• **EXERCISE OBJECTIVE**:
Restate word for word the lines below from the one that has "2024 Τσανγκάν UNI-V" through the one that has "The Skiathos Palace", keeping both and dropping all pictures.

• **MATERIAL FOR THIS TASK**:

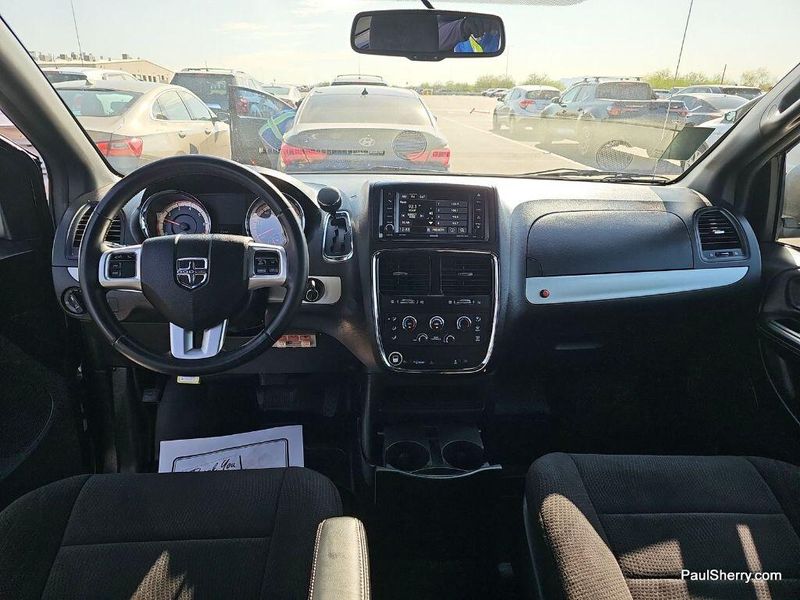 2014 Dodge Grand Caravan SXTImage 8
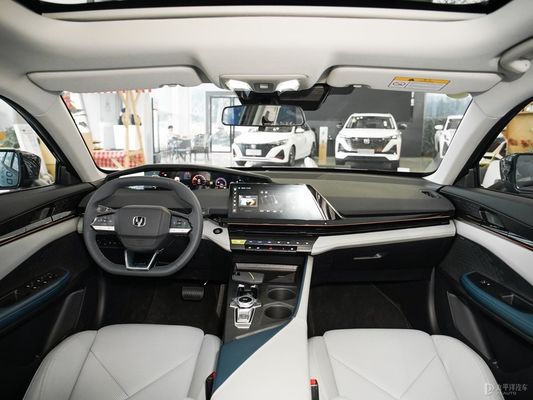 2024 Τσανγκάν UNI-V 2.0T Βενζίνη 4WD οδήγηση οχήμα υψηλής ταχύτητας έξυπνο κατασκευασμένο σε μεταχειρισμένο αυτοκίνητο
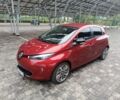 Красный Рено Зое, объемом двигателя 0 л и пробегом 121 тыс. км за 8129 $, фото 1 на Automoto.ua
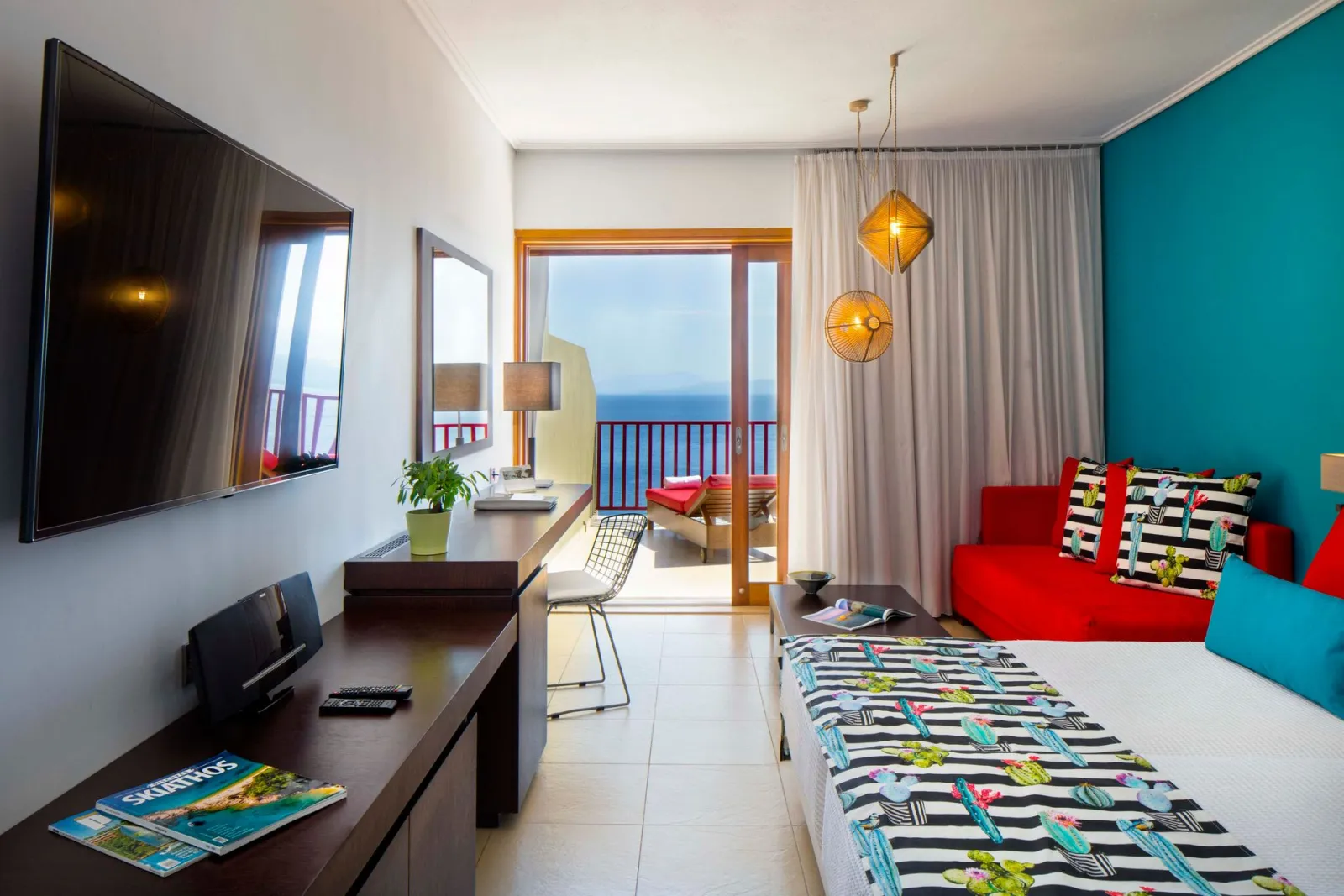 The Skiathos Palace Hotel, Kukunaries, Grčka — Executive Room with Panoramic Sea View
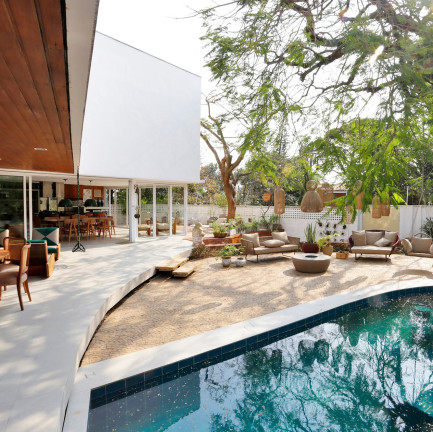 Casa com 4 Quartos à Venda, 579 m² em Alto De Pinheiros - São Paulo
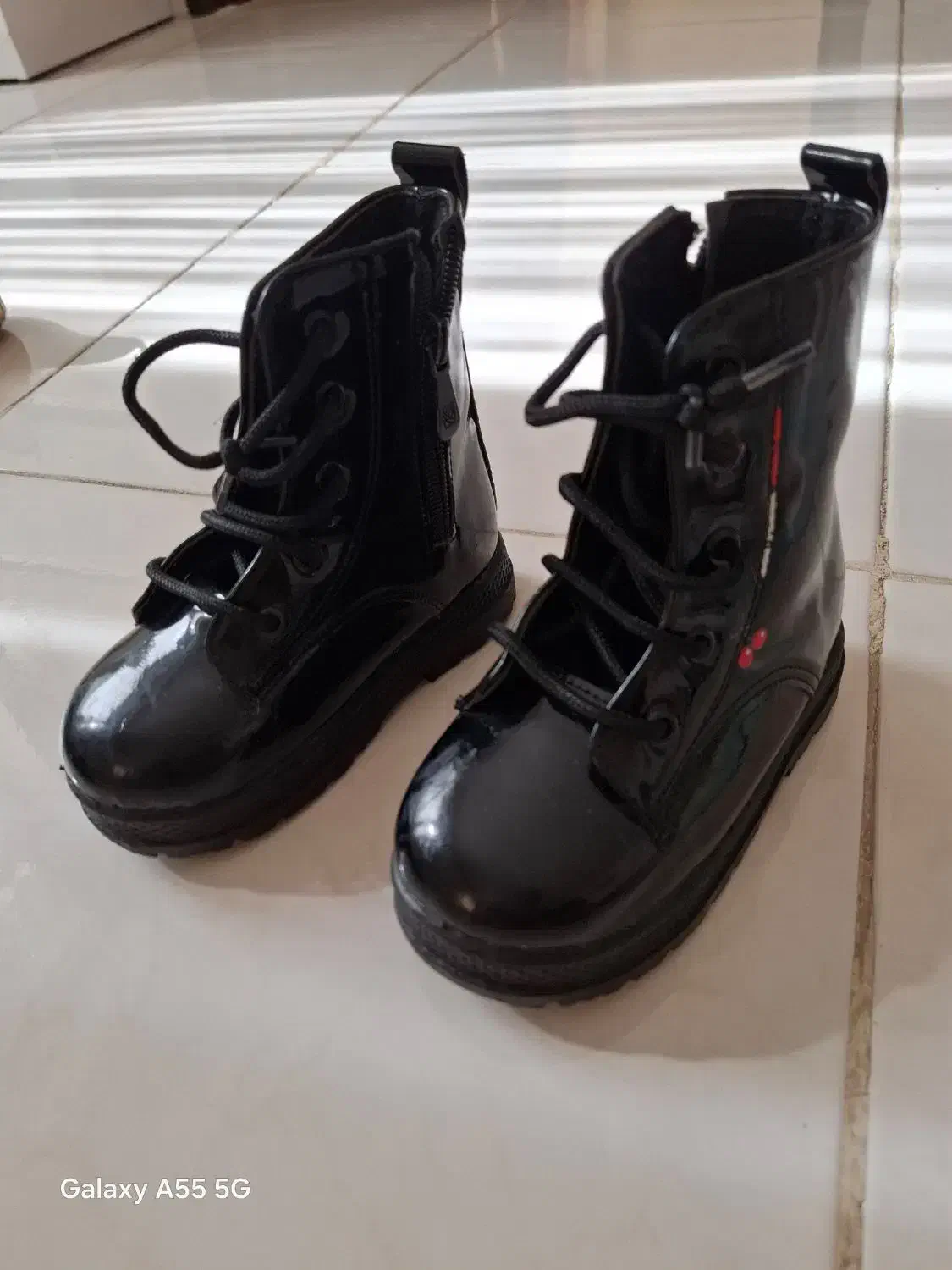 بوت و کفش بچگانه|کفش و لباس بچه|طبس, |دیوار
...
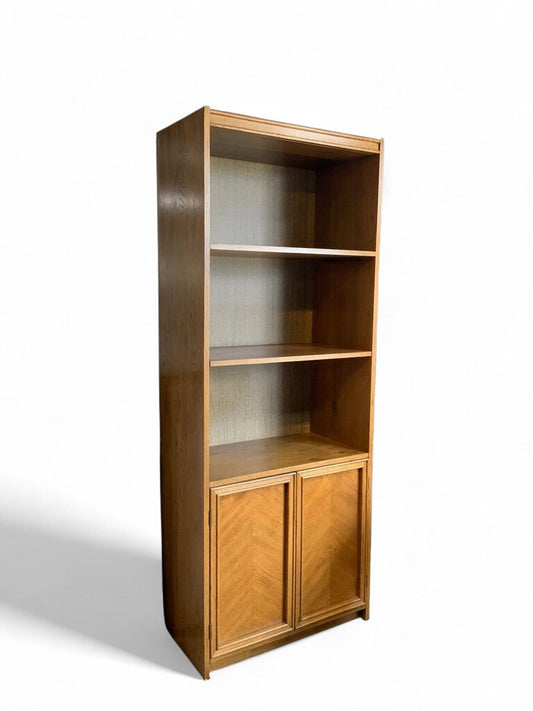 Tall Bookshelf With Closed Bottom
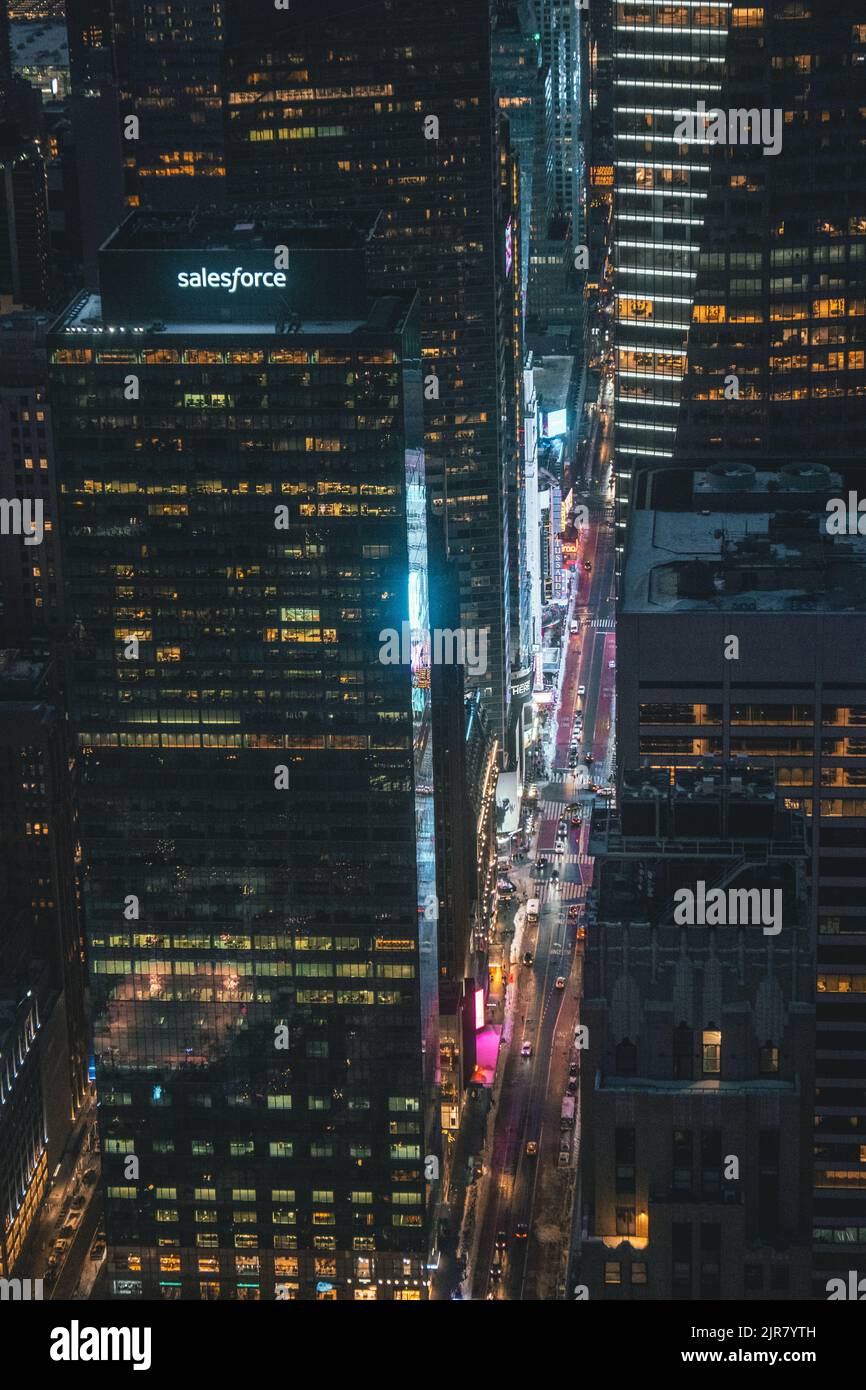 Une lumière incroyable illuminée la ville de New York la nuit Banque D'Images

• **ANSWER BOX**:
 2024 Τσανγκάν UNI-V 2.0T Βενζίνη 4WD οδήγηση οχήμα υψηλής ταχύτητας έξυπνο κατασκευασμένο σε μεταχειρισμένο αυτοκίνητο
 Красный Рено Зое, объемом двигателя 0 л и пробегом 121 тыс. км за 8129 $, фото 1 на Automoto.ua
 The Skiathos Palace Hotel, Kukunaries, Grčka — Executive Room with Panoramic Sea View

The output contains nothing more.